BALTIMORE - Nathan "Bodie" Barksdale, the Baltimore man who says he is the inspiration for the character Avon Barksdale on HBO's The Wire, is now the subject of a federal indictment charging him with drug conspiracy and unlawfully possessing a firearm.
According to court records, the three counts were filed in October, but Barksdale was just recently arrested.
Barksdale was also a member of Safe Streets, a violent crime reduction program ABC2 News profiled just two weeks ago.
ABC 2 News reported Nathan "Bodie" Barksdale was part of Safe Streets' Mondawmin site and working within the goal of the program to mediate conflict, interrupt violence and reduce shootings.
Reached by phone, Mondawmin Site Director Delaino Johnson specified Barksdale was employed in the role of violence interrupter, an outreach worker that works on the perimeter of the focused area to interrupt violence before it triggers further shootings.
Barksdale was terminated from the Safe Streets program on November 25 th after he was a no call, no show for his shift. Johnson says it was not the first time he skipped work.
However, Johnson says Barksdale was a valued member of Safe Streets Mondawmin.
"He had a major impact on reducing violence in our area," Johnson said.
The Baltimore City Health Department, which administers the program that uses reformed criminals to reduce gun violence, responded to the arrest with only the following statement.

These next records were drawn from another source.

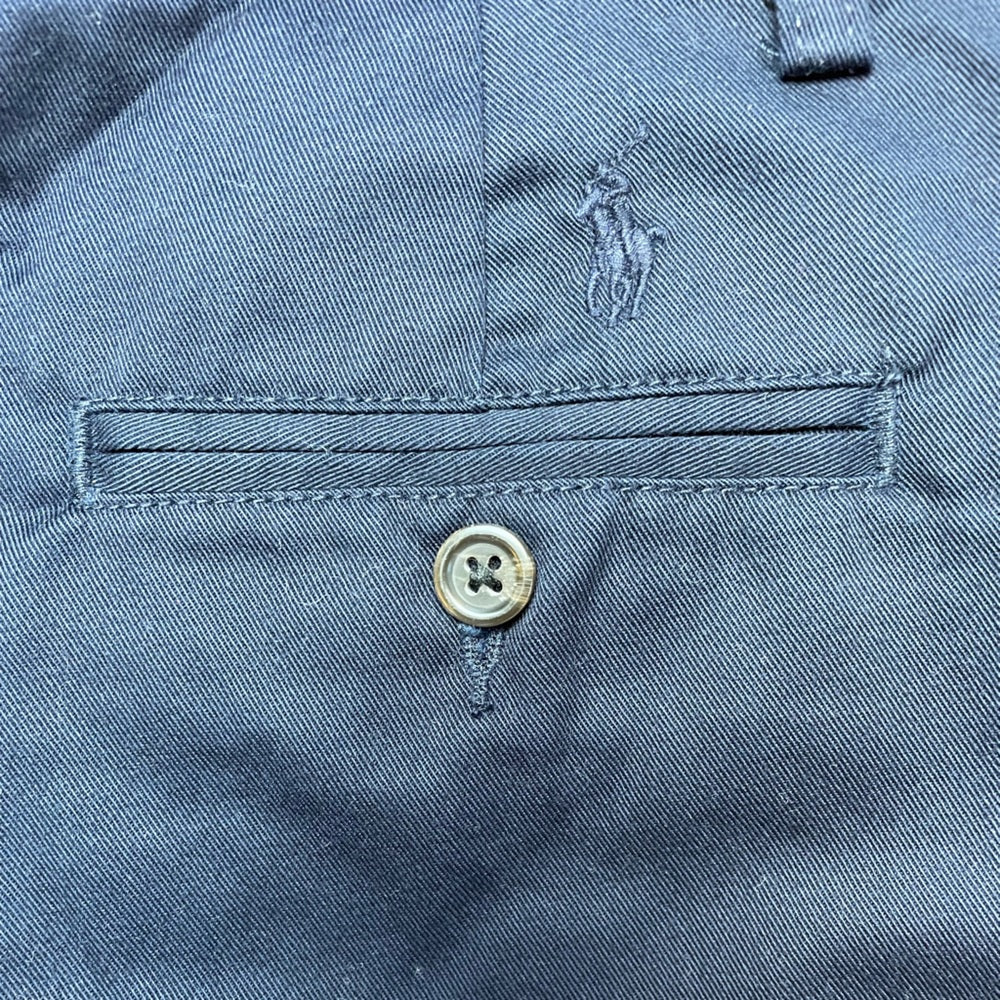 DL1961 & Polo Ralph Lauren Bundle 2 pairs of pants, size 10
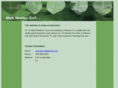 marknewtongolf.com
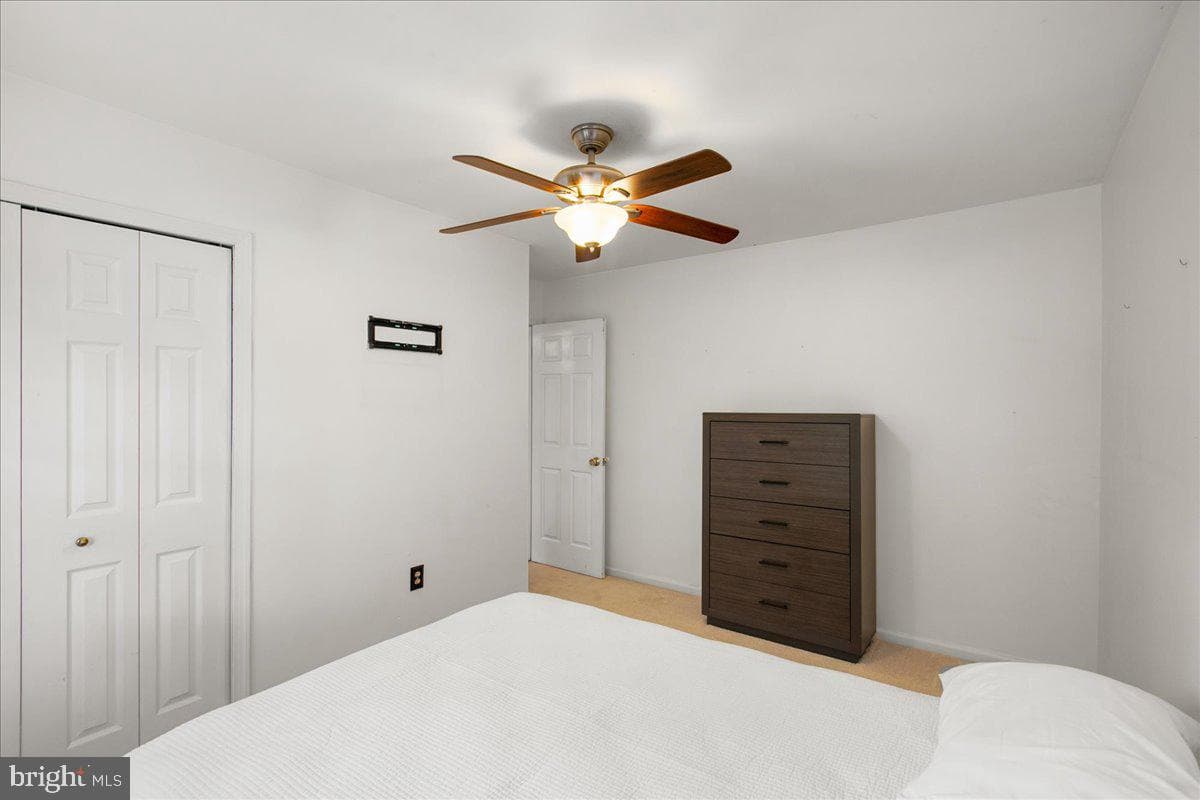 7142 Red Horse Tavern Lane photo 32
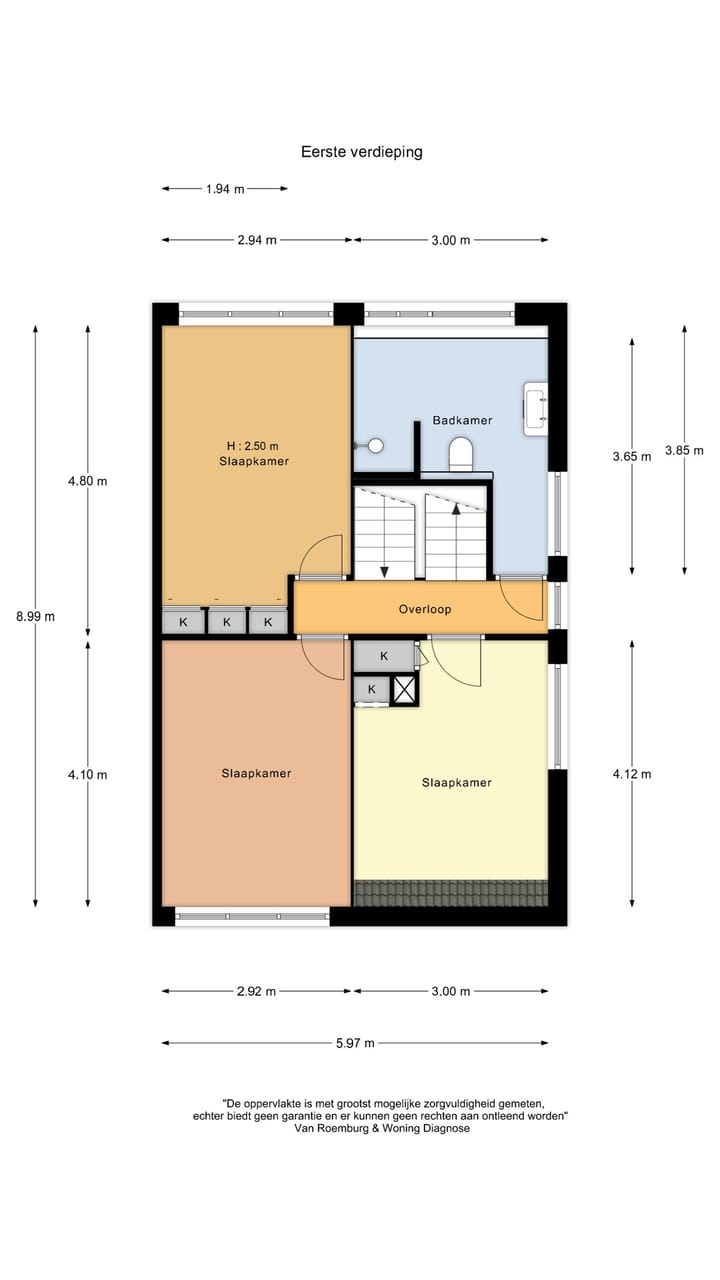 Foto 51 van Wethouder Ten Hamlaan 6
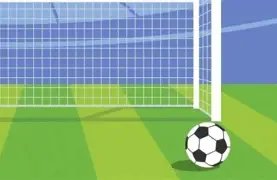 巅峰国际娱,产品,巅峰国际娱乐,巅峰国际娱乐,巅峰国际娱乐下载,巅峰国际娱乐,巅峰国际娱乐官方,巅峰国际娱乐在线,巅峰国际娱乐登录,巅峰国际娱乐链接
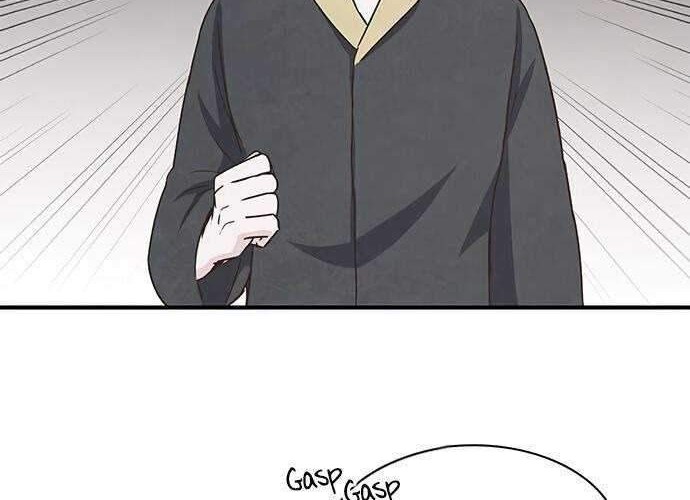 The Flower of Vampire Chapter 40 - halaman 21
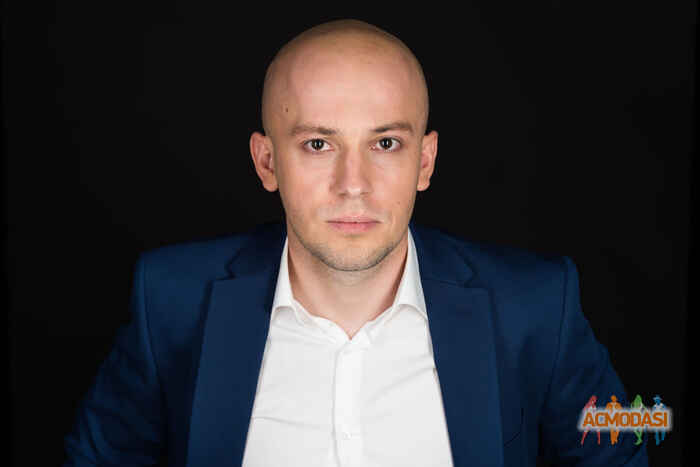 Дмитрий  Васельковский фото №1517997. Загружено 29 Сентября 2019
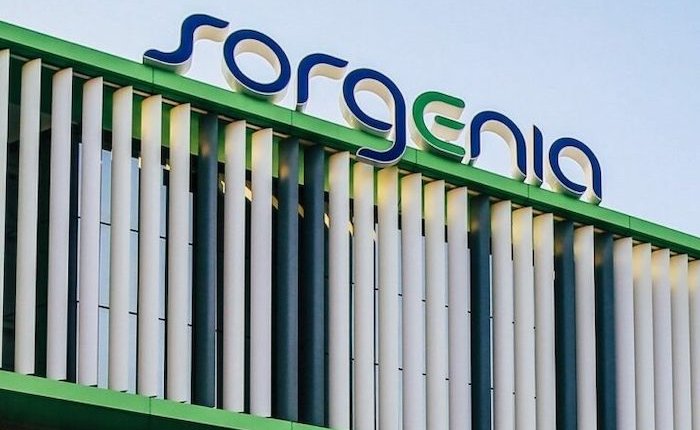 Sixth Street’dan Sorgenia’ya 4,6 milyar dolarlık yatırım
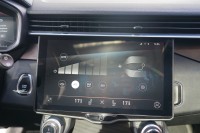 Lynk&Co 01 1.5 TD PHEV Aut.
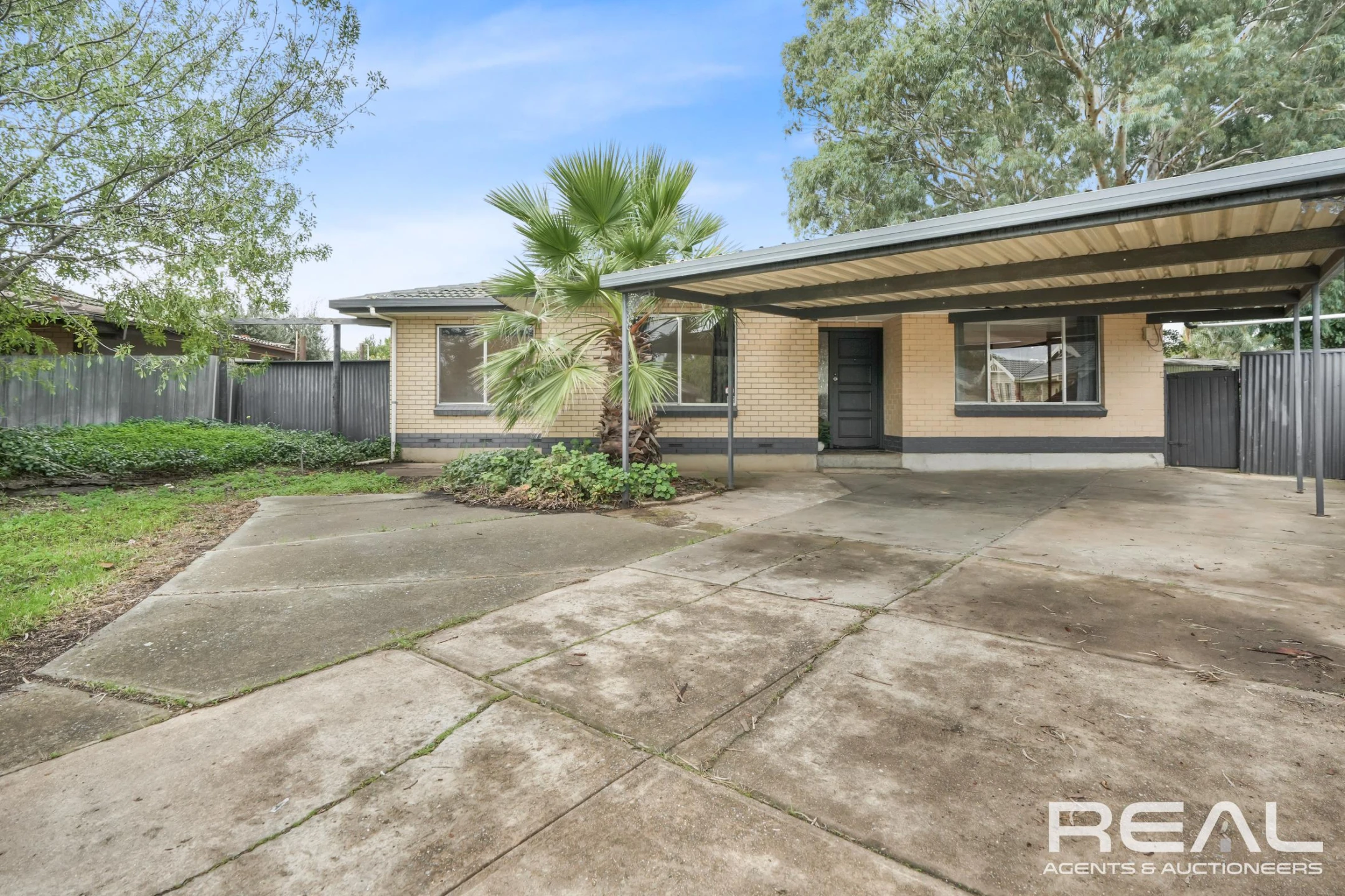 5 Dunne Crescent, Salisbury East SA 5109, Salisbury East - Thumbnail 3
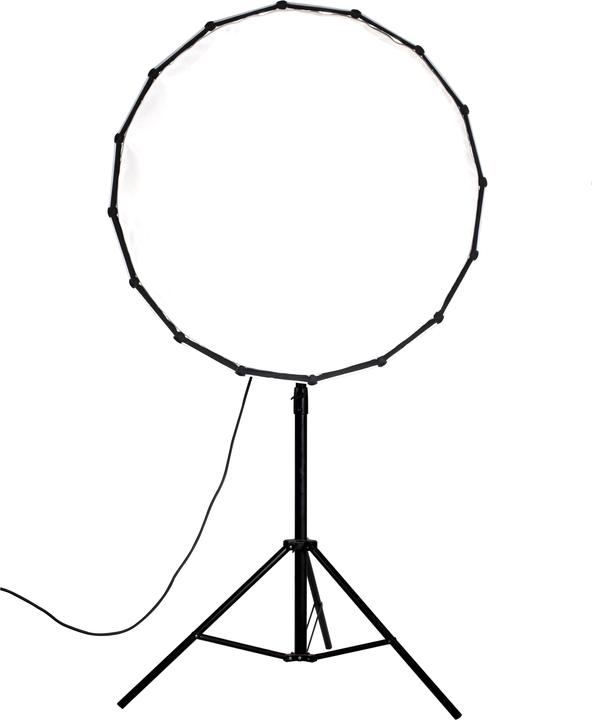 Nanlite SB-PR-90-Q (Softbox, 90 cm)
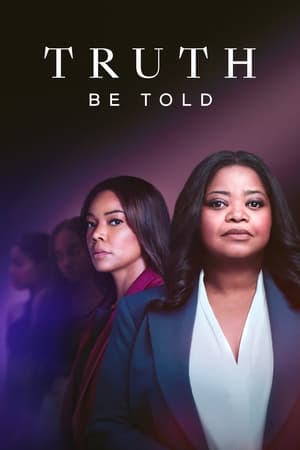 Truth Be Told Temporada 1 Capitulo 5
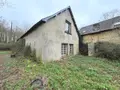 Maison a vendre Orgères 35230 Ille-et-Vilaine 35 53 m2 3 pièces 252000 euros 152 008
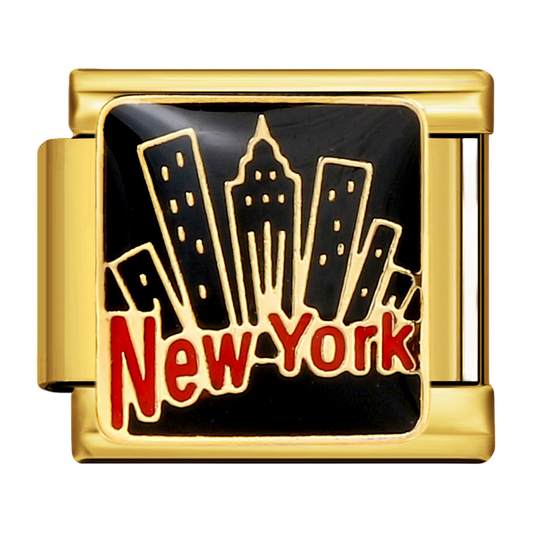 C0667_New York Skyline.png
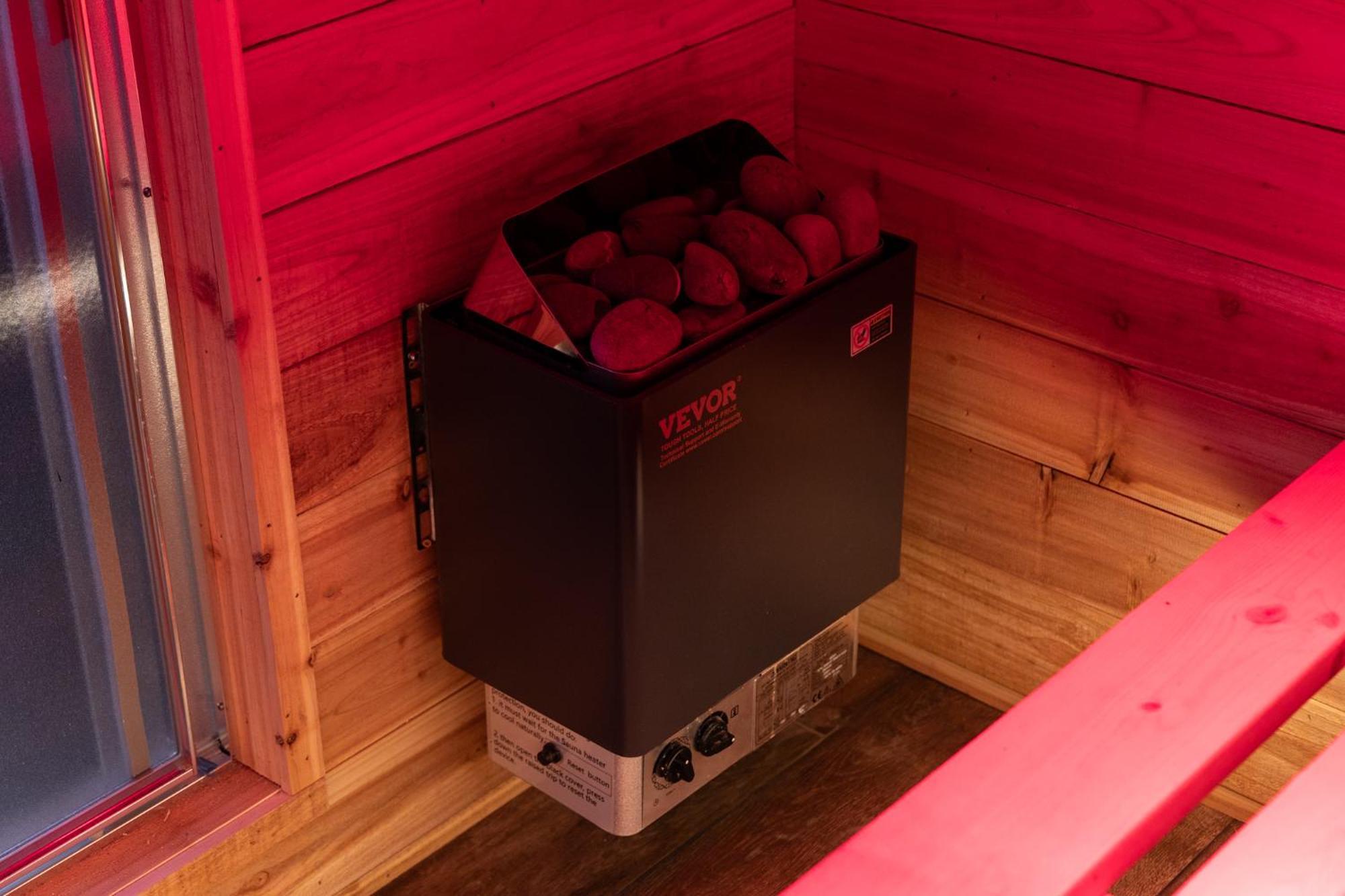 Valhalla Cabins Aframes With Hot Tubs & Sauna Cosby Eksteriør bilde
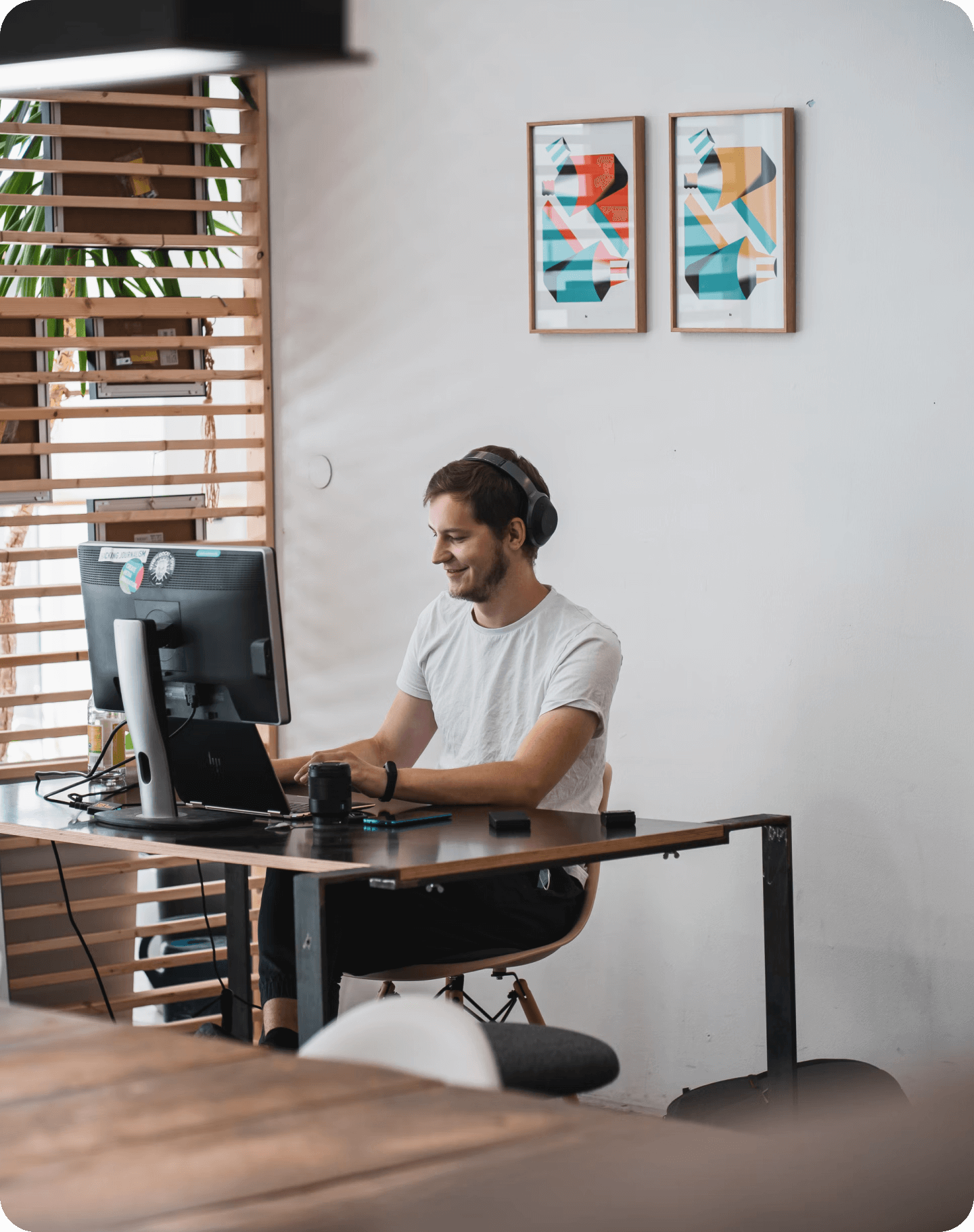 <p>Shaping entire <em>teams</em></p>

"Each of the city's four Safe Streets sites is run by a community-based provider, which handles all of the hiring and related human resources functions of their staff. The sites work diligently to ensure that the right staff with the right skills are hired for this program. The Greater Mondawmin Coordinating Council is the provider for the Safe Streets program in the Mondawmin community. The Baltimore City Health Department provides technical assistance to each Safe Streets site, which includes providing training for all new staff members. Safe Streets staff remain focused on their work to stem the violence in the city and remain committed to interrupting the transmission of violence."